Kisah Para Ulama & Orang Shalih

Sekarang Izinkan Mereka Pulang Kepada Keluarganya

Ihsan bin Muhammad Al-’Utaibi menceritakan:

Beberapa pemuda dari Yordania melakukan perjalanan dengan mobil untuk melakukan umroh. Sesampai di Khaibar mereka mengalami kecelakaan, yaitu mobil mereka menabrak lampu jalan. Polisi pun datang dan meminta kepada sopir untuk membayar ganti rugi kerusakan sebesar 21.000 Riyal (sekitar 3.500 Pound Sterling).
Baik sopir maupun para pemuda itu tidak mampu membayar denda sebesar itu. Maka polisi pun menyita paspor milik sopir sampai dia mampu membayar denda sepulang dari umrah.

Beberapa pelajar yang mengetahui kasus ini berinisiatif membantu mencari dana. Mereka berpikir jalan terbaik adalah dengan menyampaikan permasalahan ini kepada ulama. Maka salah seorang dari mereka mendatangi Asy-Syaikh Al-’Utsaimin di ruang beliau di Masjidil Haram, Mekkah, usai shalat Ashar. Setelah diberi tahu permasalahan yang terjadi, Asy-Syaikh Al-’Utsaimin berkata, “Datanglah besok, insya Allah semua akan beres.”

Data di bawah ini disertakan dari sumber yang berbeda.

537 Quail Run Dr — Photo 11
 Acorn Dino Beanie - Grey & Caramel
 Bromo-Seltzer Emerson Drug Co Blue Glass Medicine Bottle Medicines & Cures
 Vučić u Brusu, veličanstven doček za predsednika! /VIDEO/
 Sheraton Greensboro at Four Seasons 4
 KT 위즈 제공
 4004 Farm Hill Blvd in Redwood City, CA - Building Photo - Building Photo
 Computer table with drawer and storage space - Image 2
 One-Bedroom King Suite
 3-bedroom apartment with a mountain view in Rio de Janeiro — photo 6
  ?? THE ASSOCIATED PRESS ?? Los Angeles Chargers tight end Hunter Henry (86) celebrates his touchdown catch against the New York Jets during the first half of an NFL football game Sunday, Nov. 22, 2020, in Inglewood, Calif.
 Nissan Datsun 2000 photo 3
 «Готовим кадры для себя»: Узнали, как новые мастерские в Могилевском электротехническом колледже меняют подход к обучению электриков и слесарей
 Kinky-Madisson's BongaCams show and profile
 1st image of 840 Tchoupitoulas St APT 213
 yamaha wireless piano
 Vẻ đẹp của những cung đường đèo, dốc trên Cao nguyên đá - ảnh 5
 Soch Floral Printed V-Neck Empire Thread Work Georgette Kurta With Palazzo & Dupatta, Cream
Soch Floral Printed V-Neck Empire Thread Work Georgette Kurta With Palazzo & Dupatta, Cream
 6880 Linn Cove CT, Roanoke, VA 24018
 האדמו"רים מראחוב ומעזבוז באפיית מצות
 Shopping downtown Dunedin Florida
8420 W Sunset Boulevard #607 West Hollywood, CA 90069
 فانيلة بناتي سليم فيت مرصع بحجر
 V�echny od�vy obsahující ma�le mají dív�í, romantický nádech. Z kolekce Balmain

Namun para pelajar tidak datang pada keesokkan harinya karena mereka berpikir bahwa jumlah uang yang dibutuhkan sangat besar. Disamping itu, menurut pikiran mereka, Asy-Syaikh Al-’Utsaimin juga tidak kenal dengan mereka. Maka pelajar itu kembali ke pemuda dari Yordania yang mengalami kecelakaan dan menyatakan bahwa mereka telah berusaha membantu, setidaknya telah menyampaikan hal ini kepada Asy-Syaikh Al-’Utsaimin. Para pemuda itu berencana pulang ke Yordania namun mereka harus melewati pemeriksaan di Khaibar yang akan memeriksa paspor sopir. Mereka mengharap kemurahan hati petugas imigrasi (pemeriksa paspor) dan mereka mau melupakan kewajiban mereka untuk membayar denda.

Ketika mereka datang ke kantor, kepala kantor meminta mereka membayar penuh denda tersebut dan mereka tidak boleh pergi (sebelum membayar denda). Mereka boleh pergi tetapi tidak boleh bersama sopirnya. Para pemuda dan sopir menjadi khawatir. Apa yang harus mereka lakukan kini?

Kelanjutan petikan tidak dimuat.